Engineering design knowledge is embodied in natural language text through intricate placement of entities and relationships. Ontological constructs of design knowledge often limit the performances of NLP techniques to extract design knowledge. Also, large-language models could be less useful for generating and explicating design knowledge, as these are trained predominantly on common-sense text. In this article, we present the constituents of design knowledge based on empirical observations from patent documents. We obtain a sample of 33,881 patents and populate over 24 million facts from the sentences in these. We conduct Zipf distribution analyses using the frequencies of unique entities and relationships that are present in the facts thus populated. While the literal entities cannot be generalised from the sample of patents, the relationships largely capture attributes ('of'), structure ('in', 'with'), purpose ('to', 'for'), hierarchy ('include'), exemplification ('such as'), and behaviour ('to', 'from'). The analyses reveal that over half of entities and relationships could be generalised to 64 and 24 linguistic syntaxes respectively, while hierarchical relationships include 75 syntaxes. These syntaxes represent the linguistic basis of engineering design knowledge. We combine facts within each patent into a knowledge graph, from which we discover motifs that are statistically over-represented subgraph patterns. Across all patents in the sample, we identify eight patterns that could be simplified into sequence [->...->], aggregation [->...<-], and hierarchy [<-...->] that form the structural basis of engineering design knowledge. We propose regulatory precepts for concretising abstract entities and relationships within subgraphs, while also explicating hierarchical structures. These precepts could be useful for better construction and management of knowledge in a design environment.

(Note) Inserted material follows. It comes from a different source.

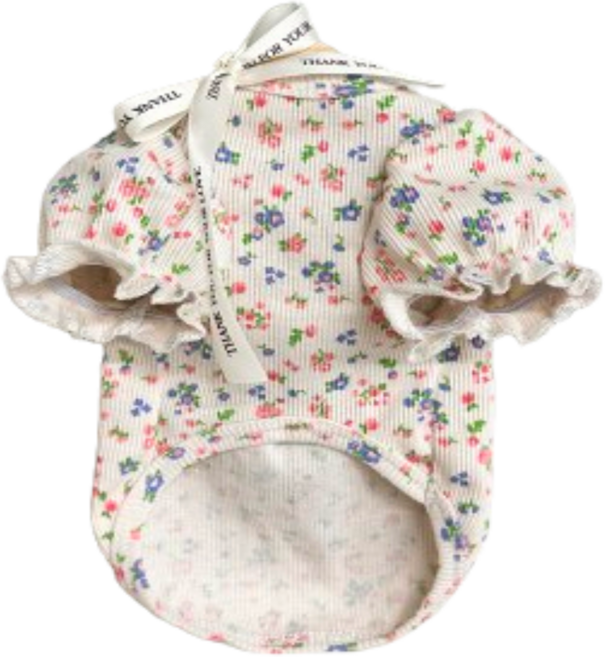 이지레이지 강아지 옷 꽃님이 골지 퍼프 러블리티셔츠, 1개, 아이보리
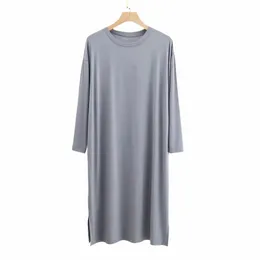 ملابس ليلية جولة LG و Lightgown Mid-Lg Length ملابس وسيط مريح الركبة للرجال ملابس النوم Dres Soft Sleeve C6Qg#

翻译：工程设计知识通过自然语言文本中实体与关系的精细布局得以体现。设计知识的本体构造常限制自然语言处理技术提取设计知识的性能。此外，由于大语言模型主要基于常识文本训练，其在生成与阐释设计知识方面的效用可能有限。本文基于专利文献的经验观察，呈现设计知识的构成要素。我们获取了33,881项专利样本，并从其中的句子中构建了超过2400万条事实。利用这些事实中出现的唯一实体与关系的频率，我们进行了齐普夫分布分析。尽管文字实体无法从专利样本中推广，但关系主要捕获属性（'of'）、结构（'in', 'with'）、目的（'to', 'for'）、层级（'include'）、示例（'such as'）及行为（'to', 'from'）。分析表明，超过半数的实体与关系可分别归纳为64种和24种语言句法，而层级关系则包含75种句法。这些句法表征了工程设计知识的语言学基础。我们将每项专利中的事实合并为知识图谱，从中发现了统计学上显著过表达的基序（子图模式）。在整个样本的所有专利中，我们识别出八种可简化为序列[->...->]、聚合[->...<-]和层级[<-...->]的模式，这些构成了工程设计知识的结构基础。我们提出了用于具体化子图中抽象实体与关系并阐释层级结构的规约法则。这些法则有助于设计环境中知识的更优构建与管理。